Theres a lot to keep up with these days. I need more memory. I want a delete key, better hardware, bumped up megahertz, an improved search function.
If I call one of those service operators in India or Pakistan and wait on the line for 30 minutes, can I get some help?
Was it just last November that Bush bullied his way back into office? Please, tell me Im wrong. It feels as if weve been dealing with his
mishigas for a decade. If I didnt know that most years go by like minutes and some days like years, Id say that 2008 feels like a lifetime away.
Dont worry, I say to someone under 30 who finds he or she has forgotten something. It only gets worse.
Just the other day I heard some kind of reference to
Fahrenheit 451, that fantastic Ray Bradbury book about the burning of books. Before you Google the title, Ill remind you the date it was written: 1953. Can you believe it? Just remembering the book, I know its a must reread.

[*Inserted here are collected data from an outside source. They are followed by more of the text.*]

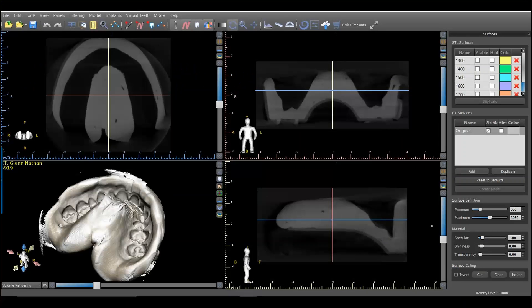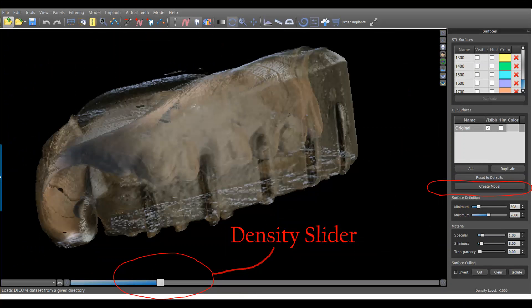Here we see the DICOMs of the cone beam scan of the impression opened in the Blue Sky software. A couple of things to be aware of: we have the density slider at the bottom of the 3D rendering window, and we can adjust the density to vary the appearance of the 3D rendering. On the right-hand side we have the ability to click 'Create Model,' and however the impression appears on screen at that density, it will generate an STL model of that impression.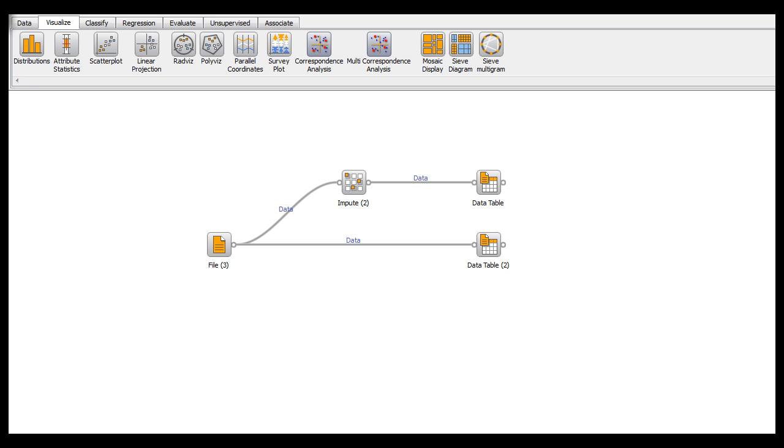I'm here to show you the impute widget in Orange, which fills in any missing values in whichever data set you're using.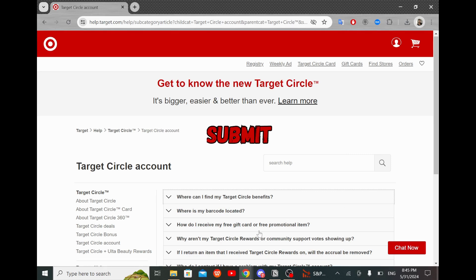And there you have it — your receipt is now added to the Target app. Remember, adding your receipt to the app can help you track your purchases and make returns easier.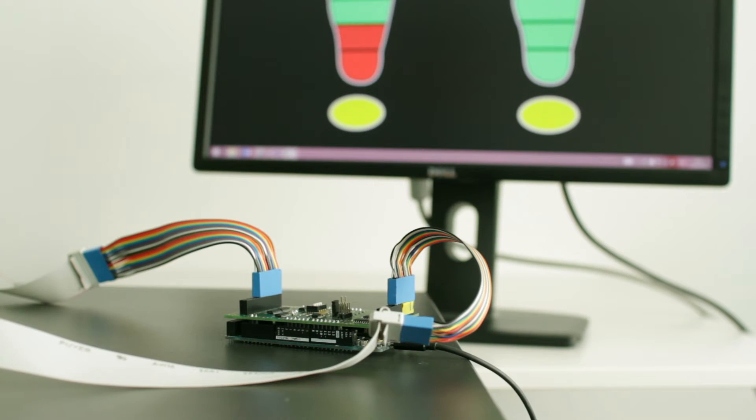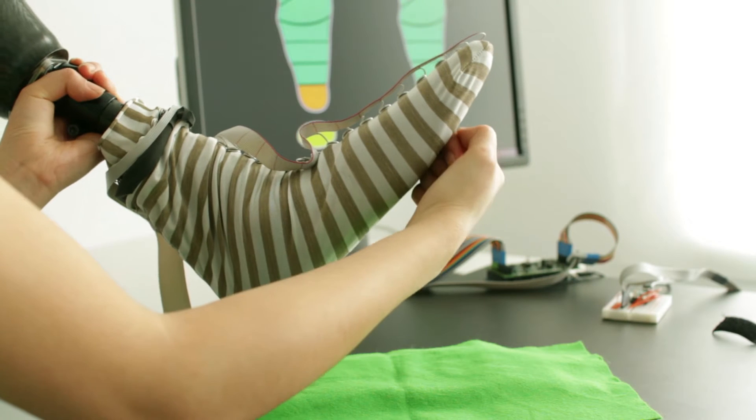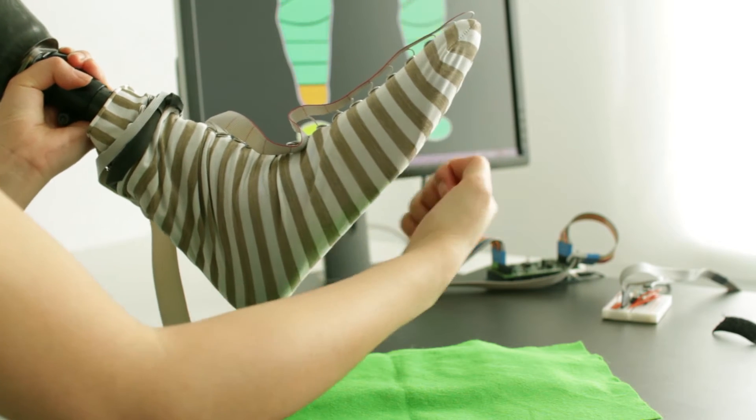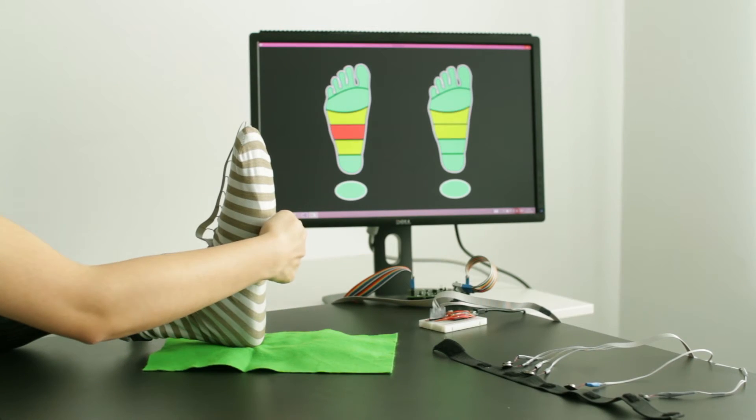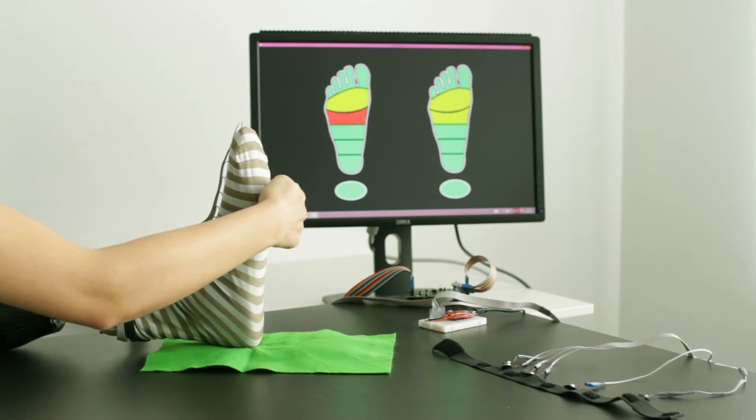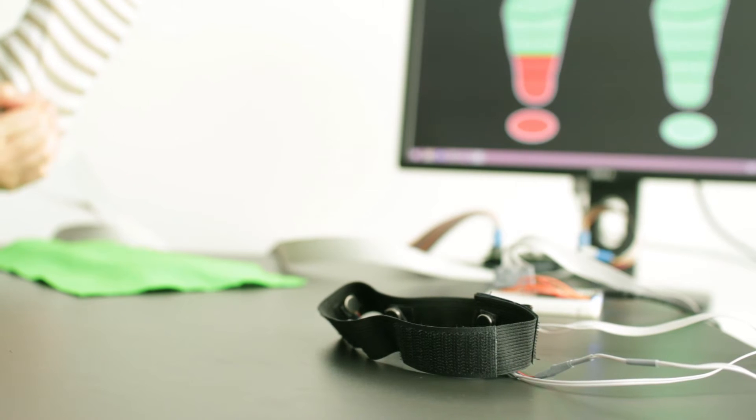It captures and transforms pressure information from the sensing sock into user-interpretable feedback, delivered to the user in the form of a haptic vibration band.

I have no idea where I heard the book referenced. I forgot to save it and since, as a matter of course, I try to trash everything at the end of the day, the reference is lost. I think it was on radio.
Maybe Garrison Keillor and his daily noontime show,
The Writers Almanac, an absolute breath of fresh air between the psychotic treadmill of bungled bureaucracy, fears of flu and greed in high office.
Back to Bradbury. During some mention of the book, which I read in high school and again in college, the commentator reminded us that 451 degrees is the temperature at which paper burns.
My thought was this: Did I know that? If I did, I could not pull it up from the past. While the main point of the book was retrievable, the detail of the title was lost, gone, deleted, canceled, dragged to the trash can.
Which makes me wonder how many other things are or will be lost.
I felt slightly better after reading a blip about Bill Maher, the iconoclastic humorist formerly of Politically Incorrect. It was a silly magazine snapshot about his opulent and singular life.
But what struck me most -- besides jumping on a trampoline as part of his exercise routine -- is the room he reserves for file cabinets of memorabilia and/or minutia -- chits, lists, names, schedules, programs, brochures and other assorted written items.
My biggest fear is forgetting, he said.
So Im not alone.
During my last trip to Southfield, Mich., where my 91-year-old mother is living -- almost totally in the present, forget the past, why worry about the future -- I was fishing through her remaining five drawers for something to do. Thats when I found a copy of a book of newspaper columns I put together four years ago.
For no particular reason, I set the book I call
Everyones Gotta Be Somewhere out on my mothers couch, which in this phase of her life has become her office, her library, her studio, her universe.
A few weeks later during our weekly Sunday morning phone conversations, she said, Im reading your book. Its really good!
Thank you, I reply, a little surprised yet pleased at the late compliment. While loving and supportive, my mother was never big with compliments.
I cant believe youre so smart, she continues in a vein she never took when she had her full capabilities. I cant believe youre my daughter.
The next week we had the same conversation.
Want to know what page Im on? she asked.
Sure.
Hold on a second, Ill find out, she said, putting the phone down. Page 104.
The next week shes still reading. But this time, she has a bone to pick with me.
You could have at least told me you wrote this, she said.
When I insisted I had, she disagreed.
We went on and on like that for a few more weeks before I finally threw her the bone she wanted and said, OK, maybe youre right. Maybe I never did tell you.
Without missing a beat, she came back with a gleeful, Aha! I knew it!
You know what? Four years is a long time ago. Maybe I did forget to tell her.